• **DATA SEGMENT**:
******
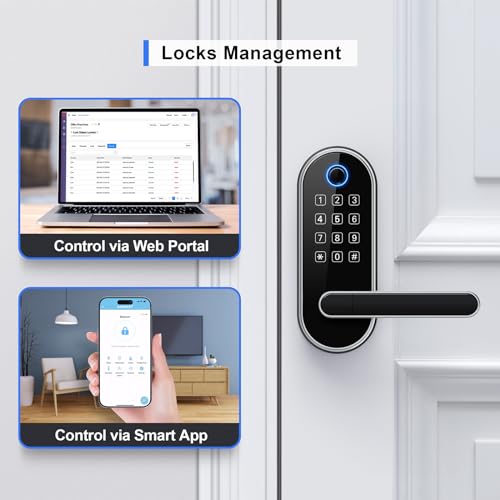 Smart Fingerprint Door Lock for Secure Home Entry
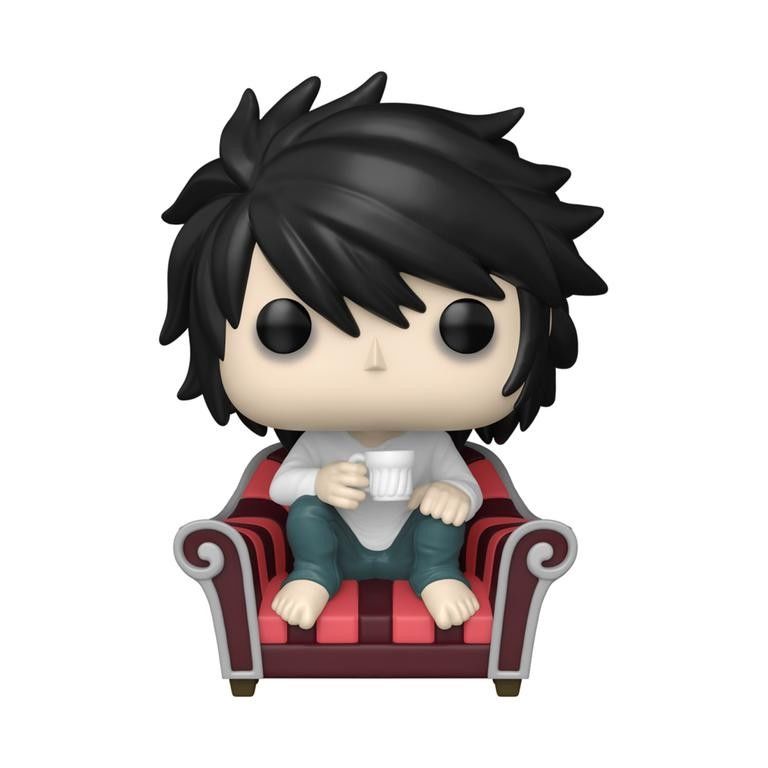 Funko POP! Death Note L Figurine Vinyle - 11 cm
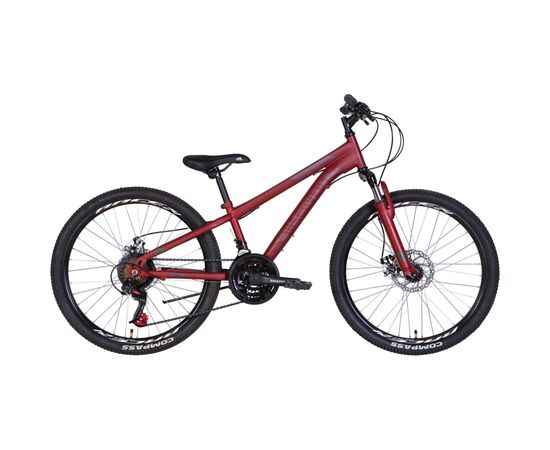 Велосипед Discovery 24" Rider AM DD рама-11,5" 2022 Red (OPS-DIS-24-309)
******
• **PROMPT**: Give again exactly the lines from the one that contains "Funko POP! Death" through the end of the material, both ends included, omitting the pictures.

• **PROBLEM SOLUTION**:
 Funko POP! Death Note L Figurine Vinyle - 11 cm
 Велосипед Discovery 24" Rider AM DD рама-11,5" 2022 Red (OPS-DIS-24-309)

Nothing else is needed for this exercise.